Так страна печальнейшим образом разделилась. Богатые торговцы и армия были за Сквернозо. На его сторону перешли и многие могущественные аристократы: всякие герцоги и прочая знать. Но люди попроще, помещики и крестьяне, все были за Глотина. И верили, что, если только ему позволить, король сделает так, что вернутся старые добрые времена и Глотония снова станет богатейшей страной в мире.

И вот, чтобы решить, как быть дальше, созвали большое собрание. Глотин II предстал перед судом. О, такого еще не видела Глотония! Сквернозо явился вместе с коварным Министром финансов, и оба они говорили до посинения. Они надеялись, что, если только им удастся выставить короля в черном свете, судьи вынесут приговор: отрубить голову — и тогда все будет просто.

Но судьи на это не решались. Они бы, может, и хотели, но боялись народа. Однако Сквернозо и Министр вели себя очень ловко, и после шестичасового совещания решено было, что жизнь Его величества пощадят, но приговорят к изгнанию — он должен будет покинуть страну и отречься от престола. Принц Сквернозо был избран вместо него правителем страны.

И вот, Глотин II сложил свои пожитки и в сопровождении немногих слуг и нескольких собак отправился в изгнание; а король Сквернозо тем временем стал править.

Но через неделю он понял, что быть королем не так-то просто. Во-первых, его не любили. Как только люди немного утихомирились и смогли поразмыслить обо всем спокойно, то сообразили, что меньше всего на свете им нужны заводы, где делают сабли, доспехи и пушки. И немедленно их подожгли и спалили дотла.

Король Сквернозо двинул против бунтовщиков солдат, и многие были убиты и ранены. Потом обнаружилось, что это коварный Министр финансов попросил заграничных торговцев, чтобы они потребовали вернуть им долги, и тут все просто пришли в ярость. Посреди ночи две сотни крестьян явились к Сквернозо и велели ему убираться из Глотонского королевства, прежде чем наступит рассвет, и прихватить с собой Министра финансов и его отвратительное пищеварение.

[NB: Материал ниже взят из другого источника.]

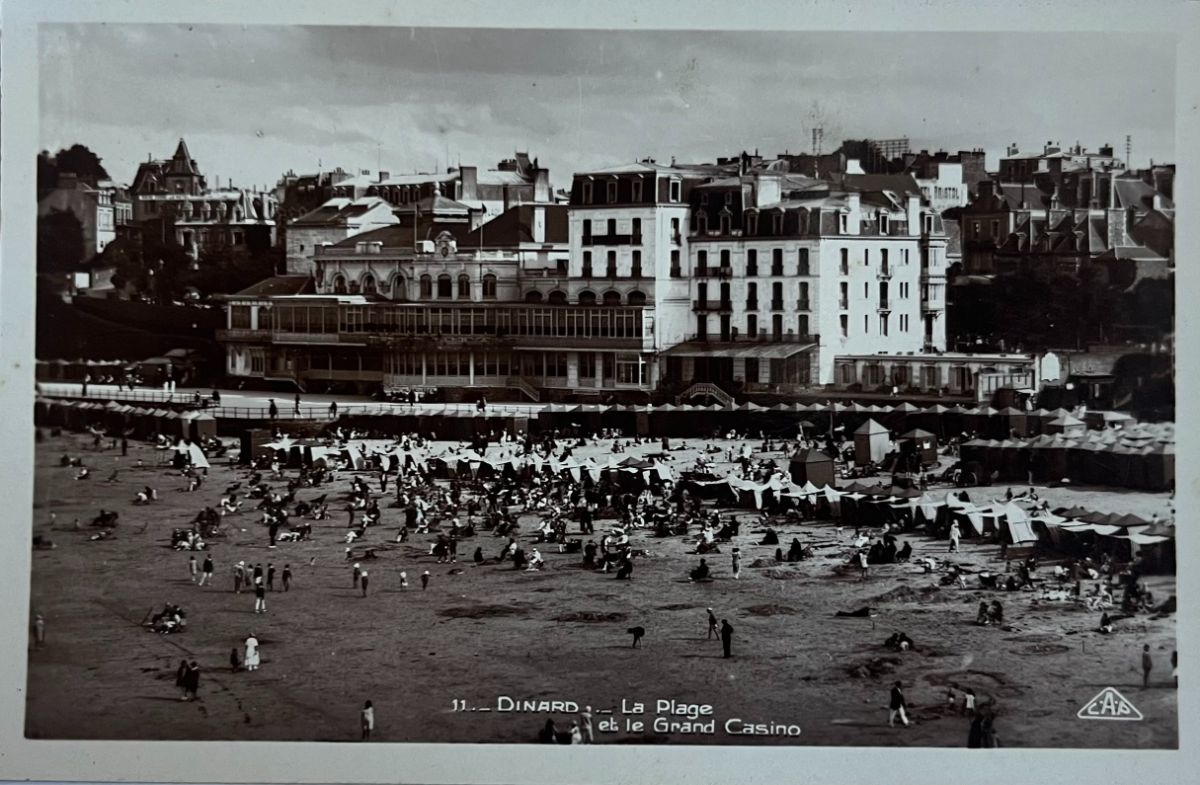 CPA FR35 Dinard - La Plage et le Grand Casino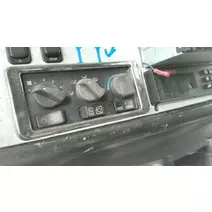 Temperature Control PETERBILT 387 LKQ Heavy Truck - Goodys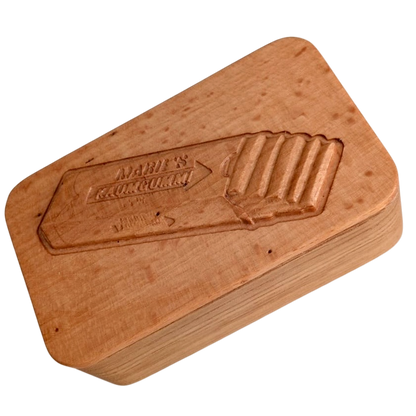 Personalisierte Holzdose mit individuellem Relief – Hauptansicht | Sunwood Holzdesign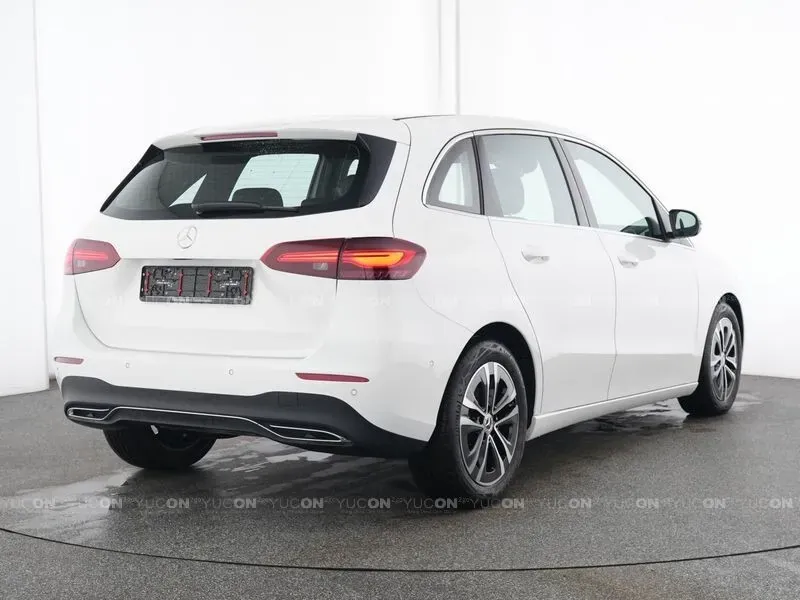 Mercedes-Benz B-Class 2025 photo 3
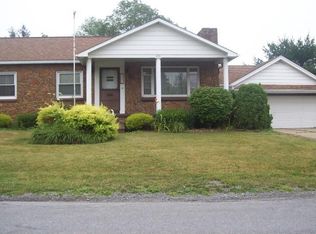 121 Fleming Rd, Saint Marys, PA 15857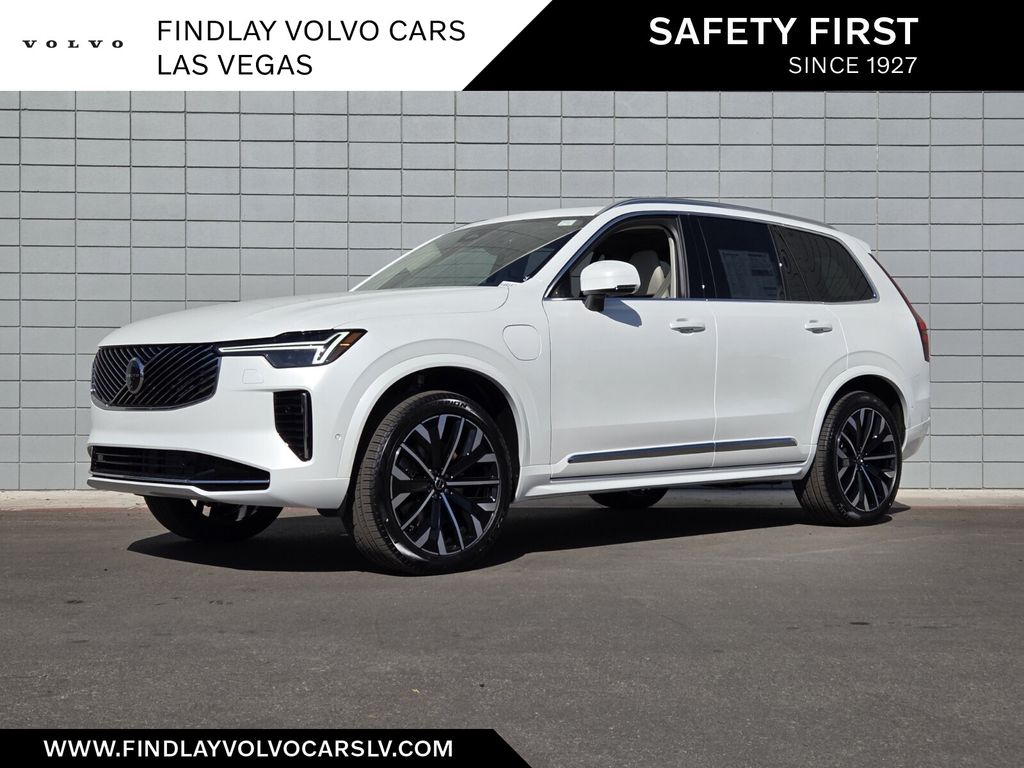 2026 Volvo XC90 T8 Recharge Ultra Bright 4WD's photo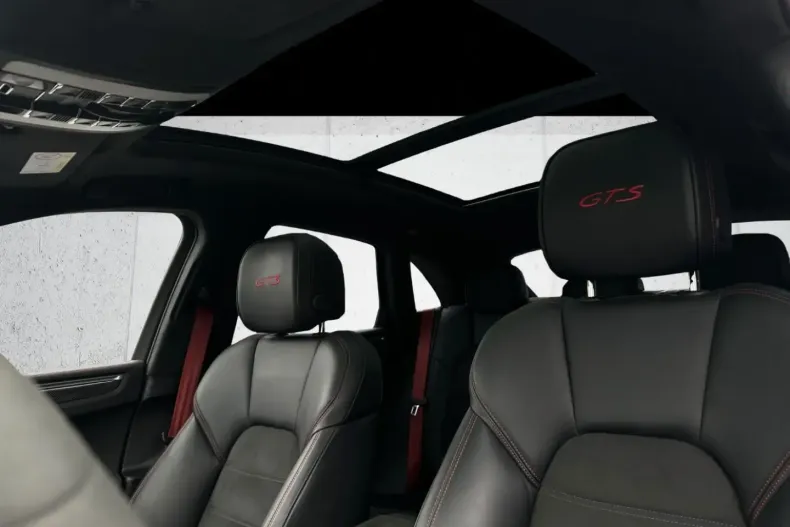 Porsche Macan din 2023 cu 45.800 km - oferta POR115807 - foto 21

Когда наступил рассвет, их и след простыл, и больше ни того, ни другого в Глотонии никогда не видели. Так королевство осталось без короля. И тут произошло то, что называется контрреволюцией, — новая группа повстанцев принялась переделывать сделанное первой группой. Армия была распущена и приставлена копать картошку.

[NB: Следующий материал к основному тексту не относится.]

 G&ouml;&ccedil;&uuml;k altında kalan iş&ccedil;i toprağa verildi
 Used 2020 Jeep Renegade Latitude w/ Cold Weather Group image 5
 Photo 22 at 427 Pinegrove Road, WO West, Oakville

Тогда все стали обсуждать, стоит ли уговаривать короля Глотина вернуться. Контрреволюционеры легко одержали победу. И те же двести крестьян отправились его разыскать и привести обратно.

После долгих поисков в чужих землях они нашли старого короля, но привести назад не сумели. Глотин II не захотел возвращаться. Он объяснил, почему: во-первых, сказал Глотин, он уже, видимо, слишком стар, чтобы быть хорошим королем, а во-вторых, он немножко разочаровался в глотонцах. Наверное, пусть лучше страна будет республикой, а не королевством.

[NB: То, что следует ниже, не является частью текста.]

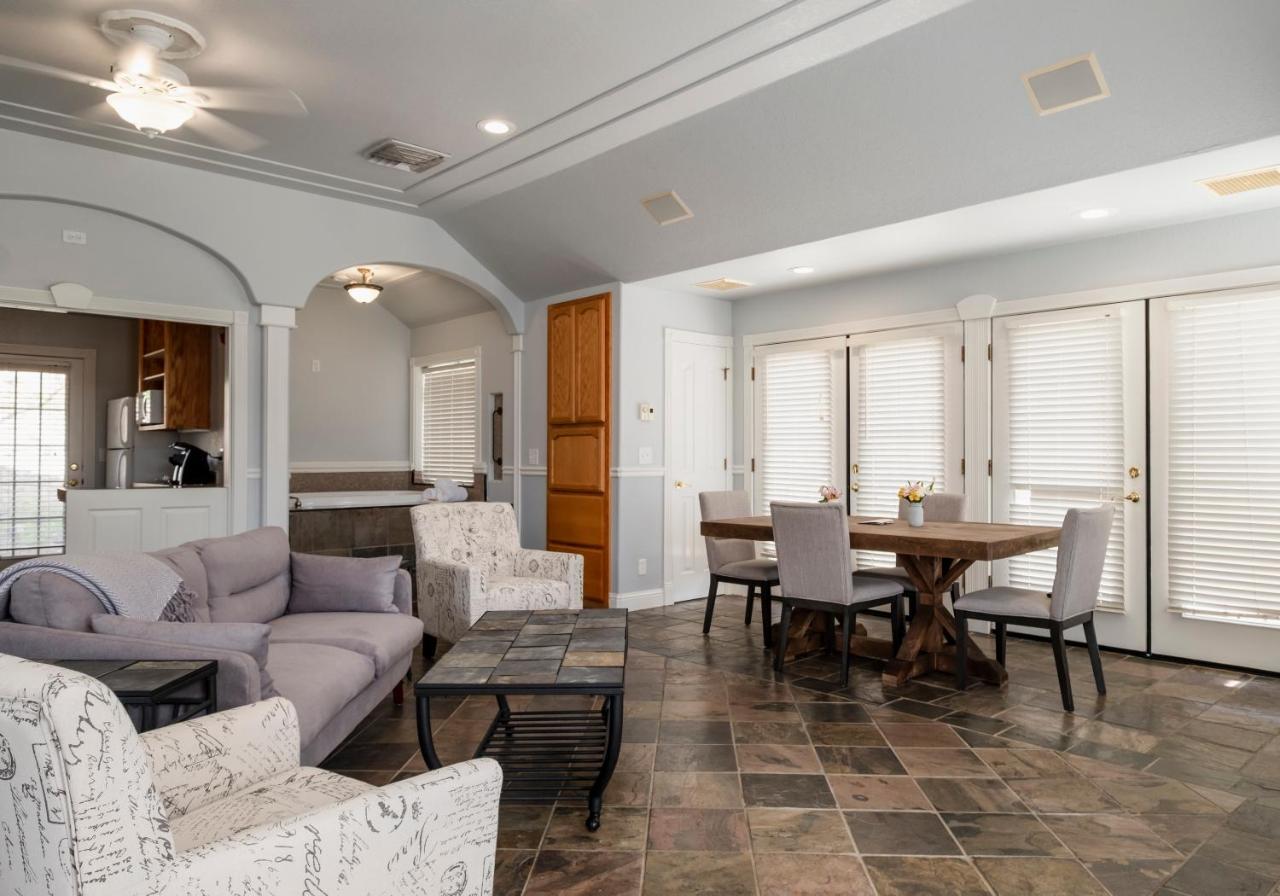 Hounds Tooth Inn Oakhurst Εξωτερικό φωτογραφία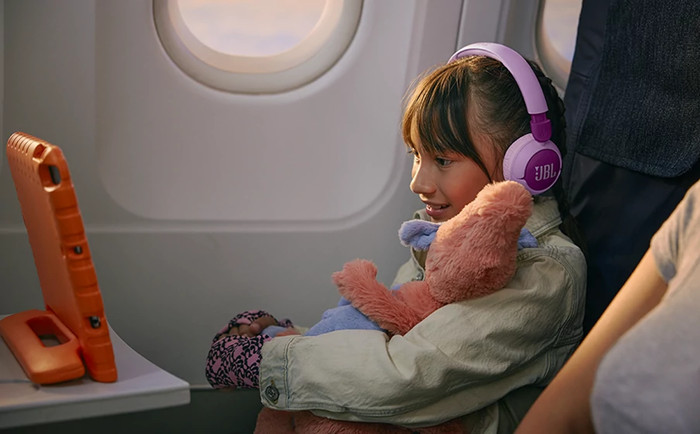 JBL JR320BT Purple + Charger product in use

К тому же, продолжал король, он выполнил задачу, которую когда-то поставил перед собой, — научил свой народ понимать, что в жизни представляет истинную ценность. И теперь он хочет поселиться в деревне, чтобы разводить форель, выращивать фазанов и подрезать персиковые деревья. А кроме того, у одной из его собак на днях родятся щенки, а он никак не может пропустить это событие, даже ради королевского престола. Поживите в республике, сказал он, посмотрим, что из этого получится.

Крестьяне очень огорчились. Но продолжали упрашивать Глотина, чтобы он навещал свое старое королевство хоть раз в год, в День Пудинга с мясом и почками. Знаменитую Золотую кастрюлю, которая верно служила ему в былые времена, начистят так, что она будет сиять и сверкать к его приезду, шелковый передник, который он всегда надевал в королевской кухне, — выстирают и нагладят. Неужели он может отказаться от такого, говорили они, утирая слезы красными носовыми платками, — республика там или не республика. Пусть приезжает как частное лицо.

И Глотин торжественно поклялся, что приедет, при условии, что тесто для пудинга привезет с собой, — поскольку старая кухарка (никто, кроме нее, не умел замесить тесто так, как ему нравилось) не осталась в Глотонии, а разделила с ним изгнание.